This study aims to optimize the electrohydrodynamic (EHD) inkjet printing process for silver nanoparticle ink on alumina (Al2O3) ceramic substrates, focusing on improving print quality and reducing the electrical resistance of silver circuits.
This study systematically examines the influence of key process parameters (amplitude voltage, bias voltage, pulse frequency and duty cycle) on silver circuit printing quality, establishes a coupled electric field-hydrodynamics model via COMSOL Multiphysics to analyze the correlation between electric field distribution and droplet ejection, explores the effect of 160–200°C sintering temperature on silver layer densification and controls the number of printed layers to test electrical performance.
The optimal process parameter combination for the EHD inkjet printing process is determined as bias voltage 800V, amplitude voltage 1200V, pulse frequency 100 Hz and duty cycle 30%; the coupled electric field-hydrodynamics model established by COMSOL Multiphysics reveals the correlation mechanism between electric field distribution and droplet ejection behavior, thereby theoretically validating the rationality of the parameter optimization; eight-layer unsintered nanosilver printed lines sintered at 200°C exhibit a low resistance of 2.7O across a 20 mm length.

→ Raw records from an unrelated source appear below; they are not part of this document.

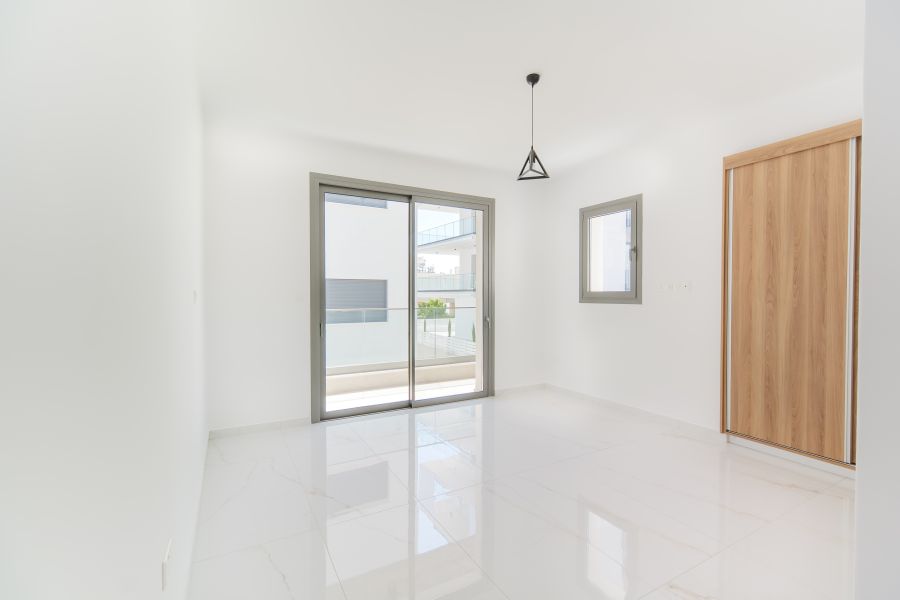 Apartamento en Pafos, Chipre, 115 m² - imagen 14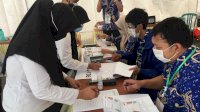 Digelar 2 Hari, 356 CPNS di Gowa Ikut SKB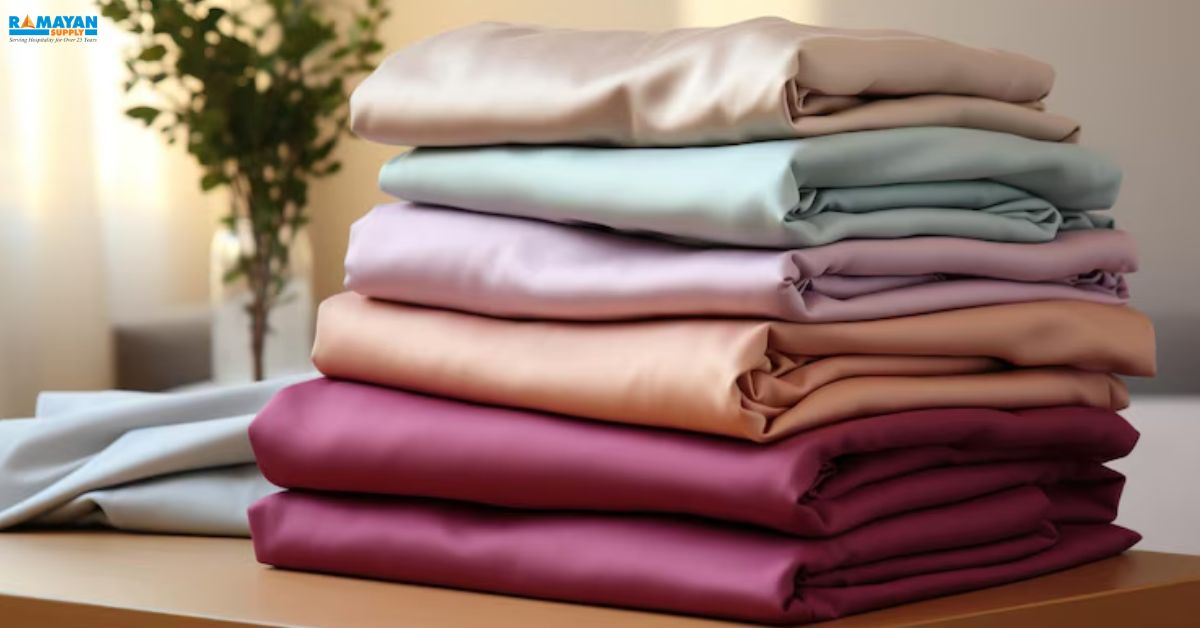 Why Welspun Sheets Are a Must-Have for Hotels: Comfort, Durability & Bulk Savings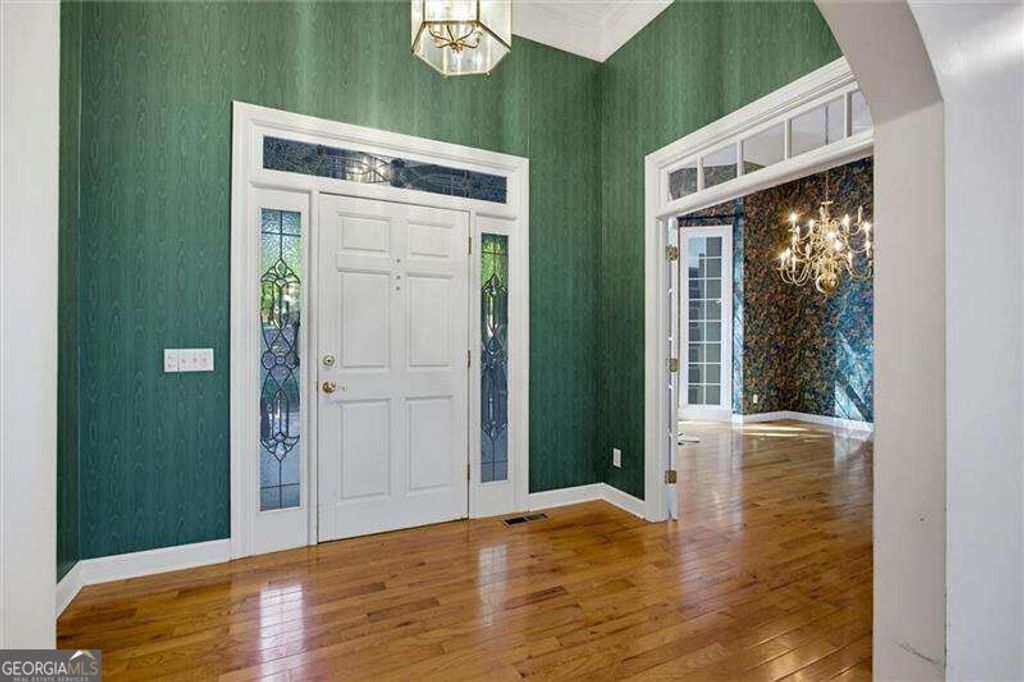 5331 Hermitage Drive, Powder Springs, GA 30127 — photo 5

This study provides a parameter optimization scheme for the EHD inkjet printing of silver nanoparticle ink on alumina ceramic substrates; it establishes a coupled electric field-hydrodynamics model to support the optimization of the EHD inkjet printing process theoretically; it clarifies the effects of sintering temperature and the number of printed layers on the electrical performance of the silver circuit.